As we close the week, we are still talking about the effects of the #DeleteUber movement—you know, the one that unfolded last weekend when Uber was perceived to break a New York City Taxi Worker’s Association strike at JFK International Airport following President Trump’s travel ban on immigrants and refugees from predominantly Muslim countries.
It’s kept our attention all week for several reasons: its aggressive speed, its relative volume, and its ultimate perceived impact. But even more importantly, because we keep thinking about the way customers are reacting to brands in this faster, louder and more volatile political climate. The majority of this is being driven, of course, by social media sharing and activism, but it’s also tapping into deep emotional currents and coming to life in many touchpoints where customers feel they have a way to make their voices heard with brands. And, it’s making it clear that customers hold brands to standards that go far beyond their transactional experiences.

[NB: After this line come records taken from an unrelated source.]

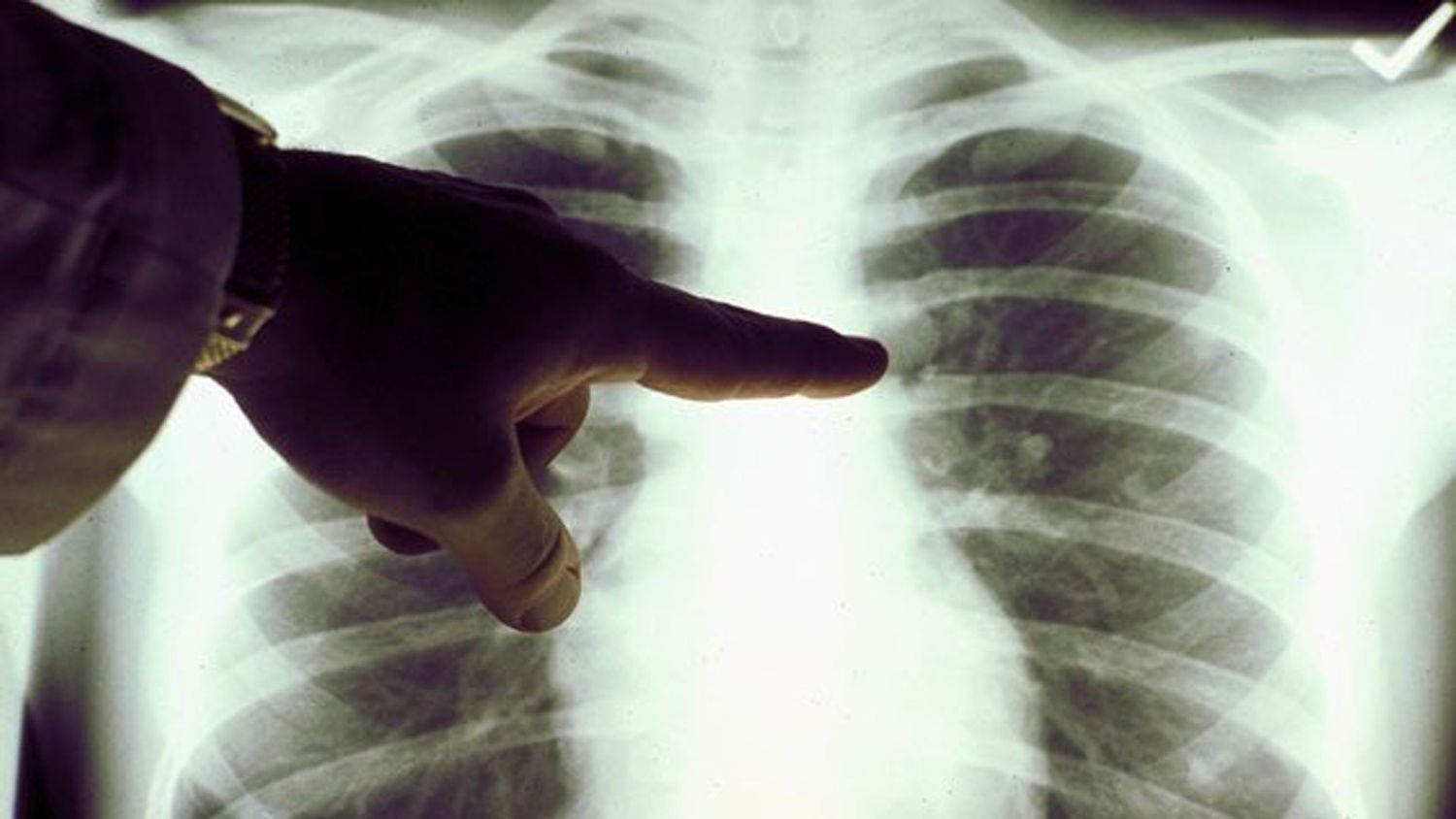 Inmunoterapia en cáncer de pulmón, un camino hacia la cronicidad de la enfermedad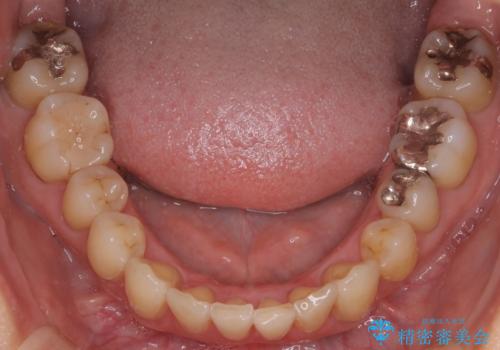 【非抜歯矯正】インビザラインによる矯正の治療後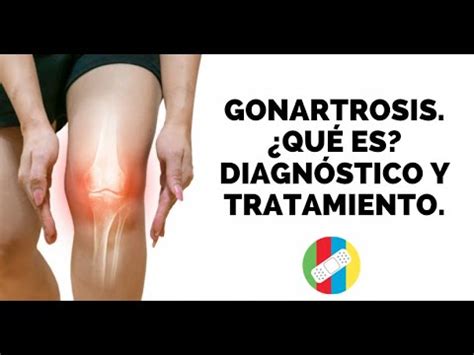 GONARTROSIS. ¿Qué es?, Diagnóstico y Tratamiento. - YouTube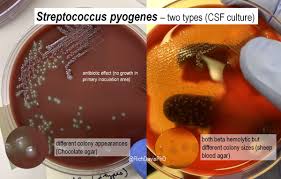 Image result for CSF Culture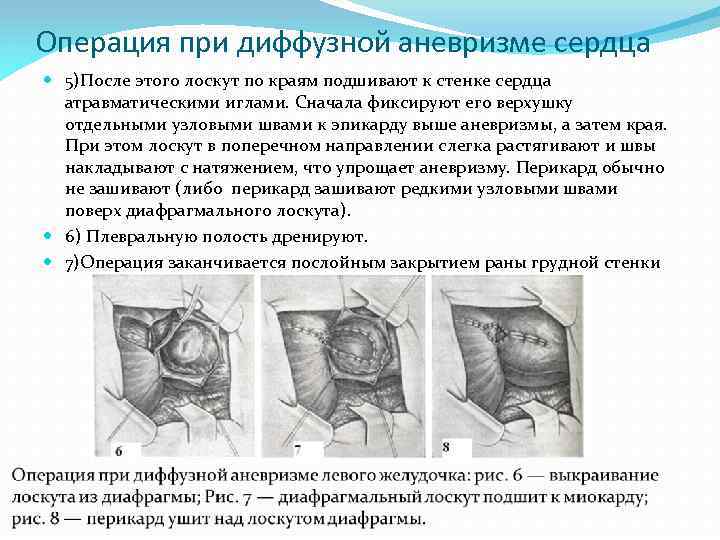 Операция при диффузной аневризме сердца 5)После этого лоскут по краям подшивают к стенке сердца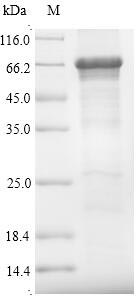 Recombinant Human Optineurin(OPTN)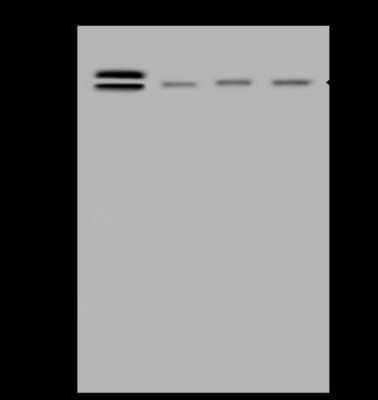 Western Blot: ABCF2 Antibody [NBP2-98977]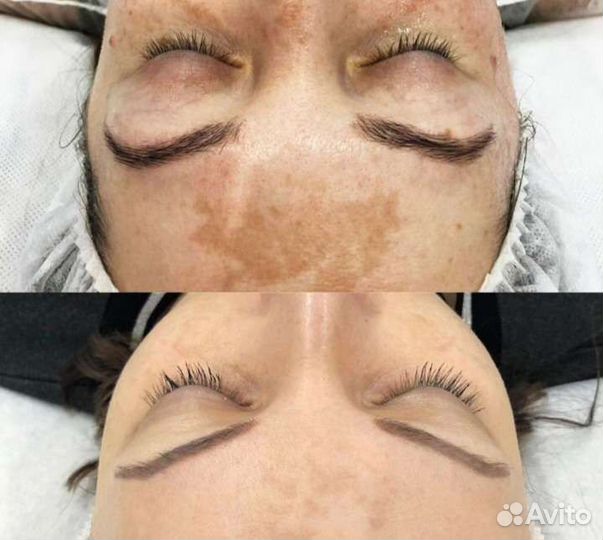 Удаление татуировок, татуажа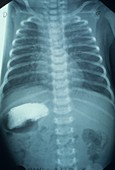 Situs inversus in a child,X-ray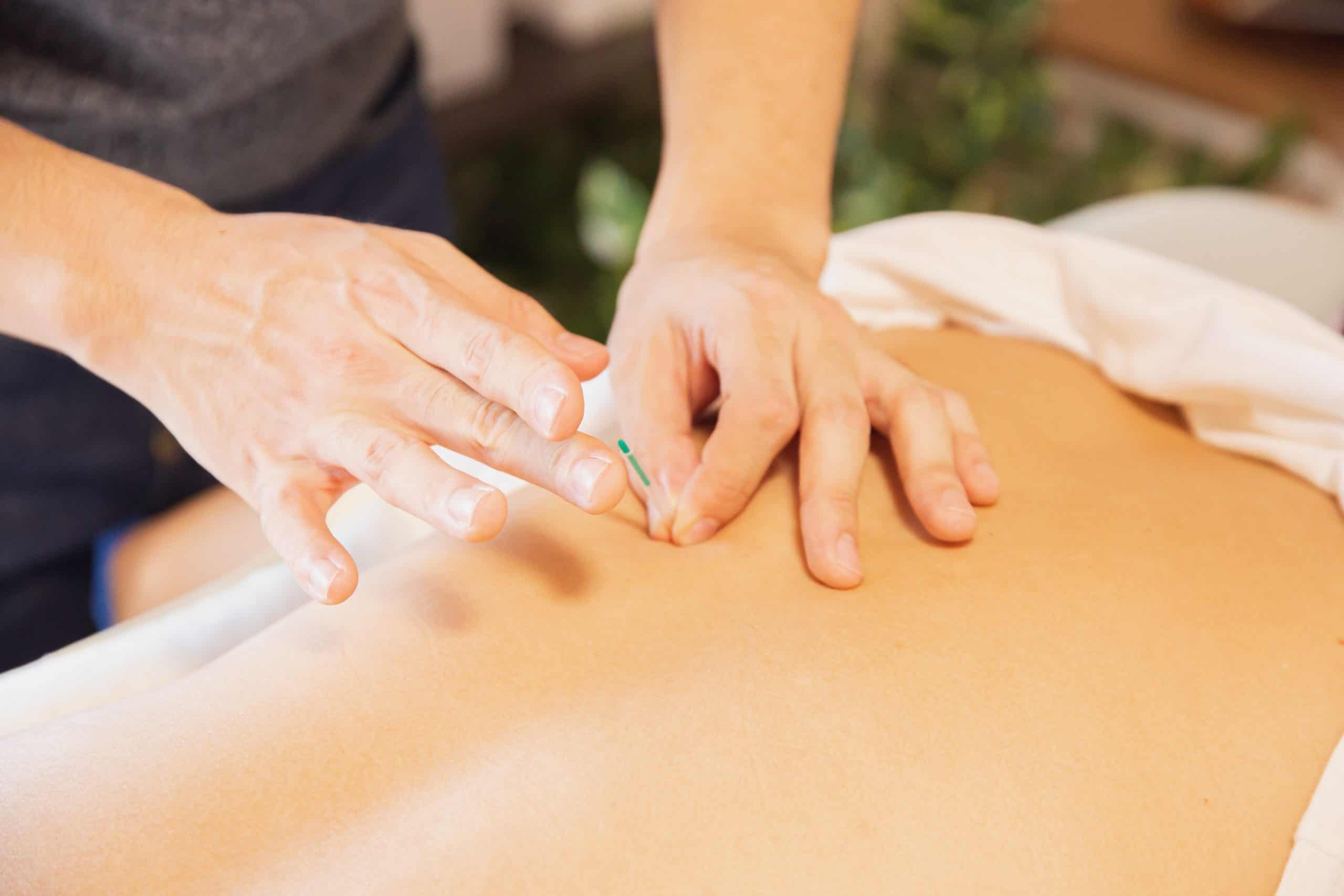 Close-up of a practitioner’s hands inserting a thin acupuncture needle into a person's bare back during a treatment session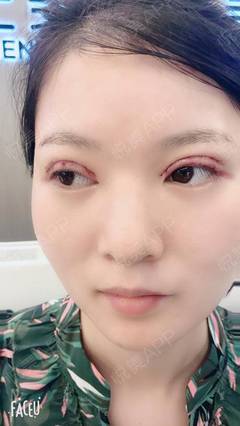 全切双眼皮多久能上班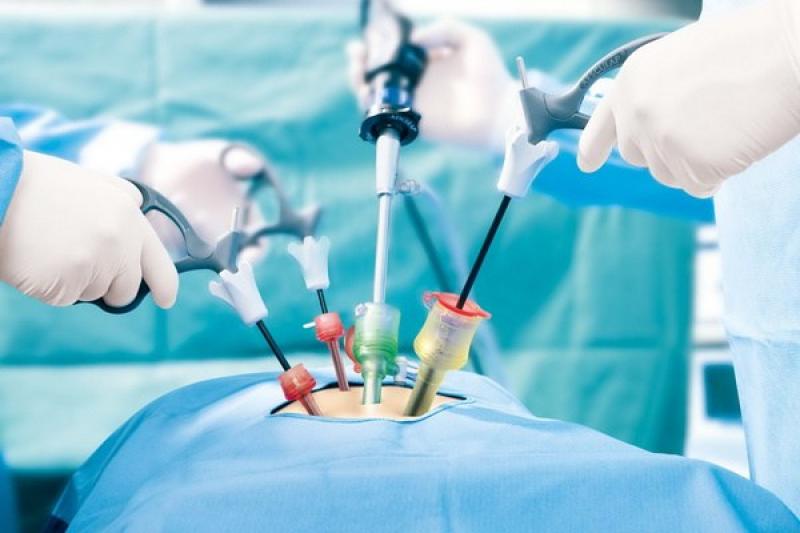 Global Laparoscopy Devices Market 2025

Speed: Prior to last weekend’s travel ban, the hashtag #deleteuber already had some conversation brewing, especially related to the news that Uber CEO Travis Kalanick had agreed to serve on the president’s economic advisory council. That sparked a low-level conversation about boycotting the ride-sharing service, but the volume hit 246,459 mentions on January 29 after the brand tweeted about turning off surge pricing around JFK the hour after the strike ended.
The entire movement, from the first Tweet to the end result of Uber CEO Travis Kalanick stepping down from the president’s economic advisory council, unfolded in just ten calendar days.
Data Source: Crimson Hexagon
Volume: There were fewer than 250,000 mentions on the hashtag, but the effort picked up media coverage on the same day, with top Twitter contributors including major media outlets, celebrity news outlets, and celebrities themselves. The estimated volume quickly topped 1 billion impressions. With a relatively small number of contributing authors, the conversation got quickly echoed throughout social media. It also indicates that with 200,000 people deleting their Uber accounts, there were potentially a lot of people listening or following along and taking action without directly posting about their actions.
Data Source: Crimson Hexagon
Impact: The rush of account deletions led Uber to automate email responses in order to meet demand—and for a brief time, Uber’s rival Lyft took the lead on app downloads.
Ultimately this is not a huge hit to Uber’s user base, which is estimated at 40 million monthly active users but the ripple effects are still being felt.
Yesterday, Uber’s CEO announced he will step down from the President’s Strategic and Policy Forum, and advisory council he was serving on along with the CEO’s of GM, Tesla, and Disney. For something so monumental to happen several days after a small number (relatively speaking) of account deletions indicates that the company fears greater damage ahead and chose the safer path.
Customer Experience Takeaways
Customers are looking for brands and companies to take a stand on key issues … that much has become clear. Brands or companies that hesitate may risk getting caught up in the conversation against their will.
Proactive social listening is crucial when looking out for these types of developing conversations or mentions – and as we saw from the Uber movement, a relatively small spike in mentions can have a profound effect. Customers are taking their relationships with brands very seriously, far beyond the moments of opening, using and closing an app. And it seems as though these customers are paying very close attention to the relationships that brands have, make, or ignore during these types of contemporary events.
It’s almost as if the customer journey is expanding to include ideological moments that are not related to the core transaction at all anymore.